Getragen von dem Wunsch, neue experimentelle Formen der Kreation zu erforschen und die Umweltbelastung durch jene fotografische Technik zu reflektieren, wurden so verschiedene alternative Verfahren zur Reduktion von Chemikalieneinsatz entwickelt. Dabei gaben verschiedene internationale Initiativen aus dem Bereich der nachhaltigen Fotografie Inspirationen zur Herstellung eigener Schwarz-Weiß-Entwickler, die auf regionalen und saisonalen Pflanzen der städtischen Umgebung Karlsruhes basieren (Kräuter, Blätter, Blumen, Baumrinde, Moos, Gemüse, etc.). Die ausgestellten Werke geben Einblicke in die experimentelle Forschung, eine ergänzende Website gibt weitere Informationen zu Dokumentationen wie auch Herstellungsverfahren und Recherchen.
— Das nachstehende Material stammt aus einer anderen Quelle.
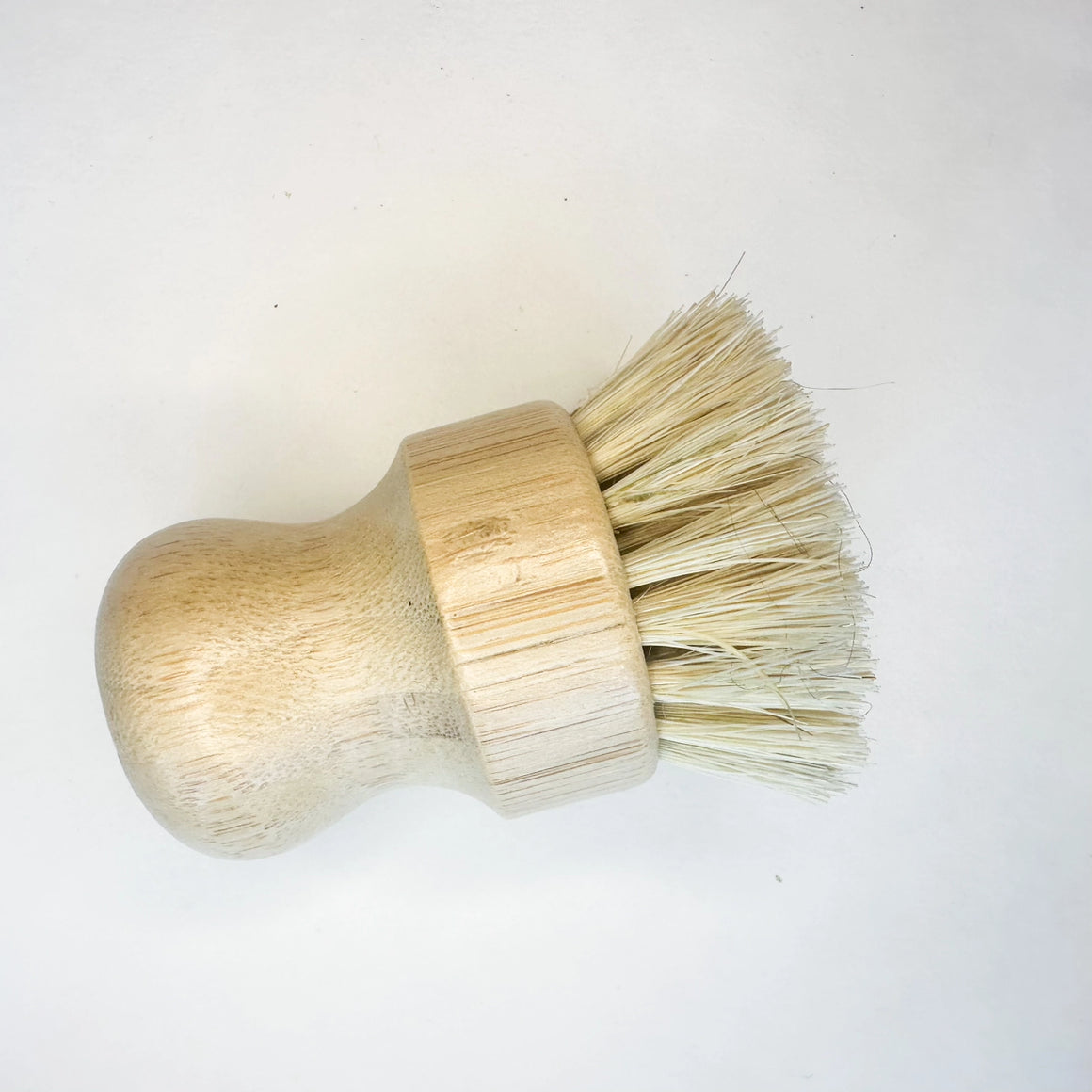 Eco Friendly Natural Kitchen and Pot Brushes - Smile Boutiques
Das Bio Design Lab ist ein hybrider und evolutiver Ort, der sowohl im digitalen als auch im physischen Raum existiert. Konzipiert als wachsende Plattform, die die Fachbereiche der Staatlichen Hochschule für Gestaltung miteinander verbindet, wird das Labor als Raum für Präsentation, Bildung und Wissensvermittlung genutzt.
Das Bio Design Lab konzentriert sich auf die lokale Region, ihre Ressourcen und Möglichkeiten und zielt aktiv darauf ab, die Produktionsweisen in Karlsruhe und Süddeutschland umzugestalten und neu zu überdenken. Zur Interaktion mit diesen Themen und Materialien, sowohl im digitalen als auch im physischen Raum, lädt das Labor lokale ExpertInnen und BesucherInnen gleichermaßen ein an gemeinsamen Projekten zu arbeiten.
Spuren dieser Aktivitäten komplementieren ein ständig wachsenden Netzwerk.Das Wissen über diese Ressourcen wird durch die Erstellung eines Know-how-Glossars und einer Materialbibliothek destilliert, durch virtuelle und physische Workshops vermittelt, sowie durch die Präsentationen herausragender Projekte, die sich mit nachhaltigen Materialien befassen, kommuniziert.
Das Labor fungiert als Inkubator und Modell für Zusammenarbeit und Produktion, das im Einklang mit dem aktuellen Wandel der Staatlichen Hochschule für Gestaltung Karlsruhe steht.